RECORDS SUPPLIED =
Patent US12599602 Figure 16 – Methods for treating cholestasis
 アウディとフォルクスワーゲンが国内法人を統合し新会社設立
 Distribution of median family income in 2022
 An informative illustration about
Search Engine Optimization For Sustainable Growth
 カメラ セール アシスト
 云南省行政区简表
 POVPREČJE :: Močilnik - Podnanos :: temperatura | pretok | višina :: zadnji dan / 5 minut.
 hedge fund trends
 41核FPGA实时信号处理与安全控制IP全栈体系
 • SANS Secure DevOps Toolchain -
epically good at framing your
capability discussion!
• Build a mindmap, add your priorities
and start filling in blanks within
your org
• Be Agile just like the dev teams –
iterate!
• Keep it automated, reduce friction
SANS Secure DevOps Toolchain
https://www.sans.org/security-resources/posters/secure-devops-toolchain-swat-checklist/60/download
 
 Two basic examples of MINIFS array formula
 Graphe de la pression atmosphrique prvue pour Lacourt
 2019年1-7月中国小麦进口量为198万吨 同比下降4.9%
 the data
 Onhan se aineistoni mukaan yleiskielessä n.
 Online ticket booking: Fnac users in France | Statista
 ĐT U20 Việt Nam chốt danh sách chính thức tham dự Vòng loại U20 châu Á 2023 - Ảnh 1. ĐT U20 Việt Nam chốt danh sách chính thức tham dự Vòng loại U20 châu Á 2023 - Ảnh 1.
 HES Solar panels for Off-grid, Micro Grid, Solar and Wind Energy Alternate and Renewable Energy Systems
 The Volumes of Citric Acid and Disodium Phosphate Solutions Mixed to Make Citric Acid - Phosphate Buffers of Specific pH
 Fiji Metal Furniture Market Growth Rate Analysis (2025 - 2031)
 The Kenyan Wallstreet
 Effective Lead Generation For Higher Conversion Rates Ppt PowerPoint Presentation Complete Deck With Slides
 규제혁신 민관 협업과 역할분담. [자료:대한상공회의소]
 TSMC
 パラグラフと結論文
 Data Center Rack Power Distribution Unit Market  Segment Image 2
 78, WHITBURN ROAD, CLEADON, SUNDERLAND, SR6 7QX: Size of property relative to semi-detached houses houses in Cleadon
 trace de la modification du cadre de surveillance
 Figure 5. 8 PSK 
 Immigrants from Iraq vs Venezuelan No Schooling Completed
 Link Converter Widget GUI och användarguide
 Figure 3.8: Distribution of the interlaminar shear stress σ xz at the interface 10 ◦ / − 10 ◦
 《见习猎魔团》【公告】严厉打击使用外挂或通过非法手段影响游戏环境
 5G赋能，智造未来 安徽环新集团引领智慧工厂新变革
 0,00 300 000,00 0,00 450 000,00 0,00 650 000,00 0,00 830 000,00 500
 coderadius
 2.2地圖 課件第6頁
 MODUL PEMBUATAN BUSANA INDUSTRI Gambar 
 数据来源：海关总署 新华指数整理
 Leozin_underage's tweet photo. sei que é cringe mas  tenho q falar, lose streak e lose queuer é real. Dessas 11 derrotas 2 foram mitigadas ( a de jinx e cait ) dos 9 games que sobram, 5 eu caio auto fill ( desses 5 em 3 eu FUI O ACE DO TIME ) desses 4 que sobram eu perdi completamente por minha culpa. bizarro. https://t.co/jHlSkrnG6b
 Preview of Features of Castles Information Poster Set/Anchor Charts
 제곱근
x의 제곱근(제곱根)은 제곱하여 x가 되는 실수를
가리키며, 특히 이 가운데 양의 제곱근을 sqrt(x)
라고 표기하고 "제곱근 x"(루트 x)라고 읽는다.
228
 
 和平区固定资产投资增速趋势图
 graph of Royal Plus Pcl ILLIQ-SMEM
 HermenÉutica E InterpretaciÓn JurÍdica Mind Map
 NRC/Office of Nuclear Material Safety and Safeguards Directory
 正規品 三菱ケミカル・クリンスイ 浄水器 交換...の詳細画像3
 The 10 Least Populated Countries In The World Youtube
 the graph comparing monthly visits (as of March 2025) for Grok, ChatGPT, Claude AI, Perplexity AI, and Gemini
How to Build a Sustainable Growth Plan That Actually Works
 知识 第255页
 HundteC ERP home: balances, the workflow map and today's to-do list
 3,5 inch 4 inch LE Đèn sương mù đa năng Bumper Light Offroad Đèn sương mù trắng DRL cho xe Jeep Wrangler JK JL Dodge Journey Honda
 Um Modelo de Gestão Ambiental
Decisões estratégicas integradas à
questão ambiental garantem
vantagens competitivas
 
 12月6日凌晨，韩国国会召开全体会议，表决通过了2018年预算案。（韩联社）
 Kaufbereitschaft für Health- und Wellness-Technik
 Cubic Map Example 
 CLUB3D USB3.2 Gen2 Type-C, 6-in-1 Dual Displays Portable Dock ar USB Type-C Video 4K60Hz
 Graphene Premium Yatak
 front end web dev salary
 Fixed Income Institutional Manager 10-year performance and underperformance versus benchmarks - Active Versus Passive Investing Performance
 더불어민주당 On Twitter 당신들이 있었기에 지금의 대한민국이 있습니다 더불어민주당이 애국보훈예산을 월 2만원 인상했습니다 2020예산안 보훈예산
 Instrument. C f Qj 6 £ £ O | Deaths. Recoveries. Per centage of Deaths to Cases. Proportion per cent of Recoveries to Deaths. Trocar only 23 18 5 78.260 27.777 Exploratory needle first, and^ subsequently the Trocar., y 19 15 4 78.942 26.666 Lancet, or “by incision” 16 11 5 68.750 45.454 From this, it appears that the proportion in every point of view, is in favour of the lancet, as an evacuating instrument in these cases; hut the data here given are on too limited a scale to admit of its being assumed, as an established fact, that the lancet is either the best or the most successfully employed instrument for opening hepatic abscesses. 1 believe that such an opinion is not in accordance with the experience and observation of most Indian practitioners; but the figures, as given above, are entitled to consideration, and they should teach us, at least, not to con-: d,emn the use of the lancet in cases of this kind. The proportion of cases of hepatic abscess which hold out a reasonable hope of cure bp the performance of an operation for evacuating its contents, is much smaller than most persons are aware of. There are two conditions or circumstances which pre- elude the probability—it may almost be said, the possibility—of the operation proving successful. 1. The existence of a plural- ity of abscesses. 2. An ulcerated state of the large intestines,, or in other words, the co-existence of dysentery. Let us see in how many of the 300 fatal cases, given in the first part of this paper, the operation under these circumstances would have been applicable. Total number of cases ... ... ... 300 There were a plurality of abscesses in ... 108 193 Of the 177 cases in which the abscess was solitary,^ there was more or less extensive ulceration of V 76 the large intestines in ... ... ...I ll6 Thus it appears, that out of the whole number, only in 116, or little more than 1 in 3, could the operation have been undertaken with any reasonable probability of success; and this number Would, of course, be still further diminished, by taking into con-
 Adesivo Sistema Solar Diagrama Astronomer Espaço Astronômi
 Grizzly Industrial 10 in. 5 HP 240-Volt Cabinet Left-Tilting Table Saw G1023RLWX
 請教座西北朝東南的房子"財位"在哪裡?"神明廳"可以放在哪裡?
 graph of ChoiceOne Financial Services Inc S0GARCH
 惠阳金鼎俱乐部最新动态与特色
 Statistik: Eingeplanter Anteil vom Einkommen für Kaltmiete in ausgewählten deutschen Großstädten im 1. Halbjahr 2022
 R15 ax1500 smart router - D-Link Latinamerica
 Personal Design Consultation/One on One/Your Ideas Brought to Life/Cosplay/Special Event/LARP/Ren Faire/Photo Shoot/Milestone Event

WORK ORDER = Retype only the stretch of lines above starting at the one with "Distribution of median family income in 2022" and stopping at the one with "Effective Lead Generation", exactly as written, with both kept.

RESPONSE AREA =
 Distribution of median family income in 2022
 An informative illustration about
Search Engine Optimization For Sustainable Growth
 カメラ セール アシスト
 云南省行政区简表
 POVPREČJE :: Močilnik - Podnanos :: temperatura | pretok | višina :: zadnji dan / 5 minut.
 hedge fund trends
 41核FPGA实时信号处理与安全控制IP全栈体系
 • SANS Secure DevOps Toolchain -
epically good at framing your
capability discussion!
• Build a mindmap, add your priorities
and start filling in blanks within
your org
• Be Agile just like the dev teams –
iterate!
• Keep it automated, reduce friction
SANS Secure DevOps Toolchain
https://www.sans.org/security-resources/posters/secure-devops-toolchain-swat-checklist/60/download
 
 Two basic examples of MINIFS array formula
 Graphe de la pression atmosphrique prvue pour Lacourt
 2019年1-7月中国小麦进口量为198万吨 同比下降4.9%
 the data
 Onhan se aineistoni mukaan yleiskielessä n.
 Online ticket booking: Fnac users in France | Statista
 ĐT U20 Việt Nam chốt danh sách chính thức tham dự Vòng loại U20 châu Á 2023 - Ảnh 1. ĐT U20 Việt Nam chốt danh sách chính thức tham dự Vòng loại U20 châu Á 2023 - Ảnh 1.
 HES Solar panels for Off-grid, Micro Grid, Solar and Wind Energy Alternate and Renewable Energy Systems
 The Volumes of Citric Acid and Disodium Phosphate Solutions Mixed to Make Citric Acid - Phosphate Buffers of Specific pH
 Fiji Metal Furniture Market Growth Rate Analysis (2025 - 2031)
 The Kenyan Wallstreet
 Effective Lead Generation For Higher Conversion Rates Ppt PowerPoint Presentation Complete Deck With Slides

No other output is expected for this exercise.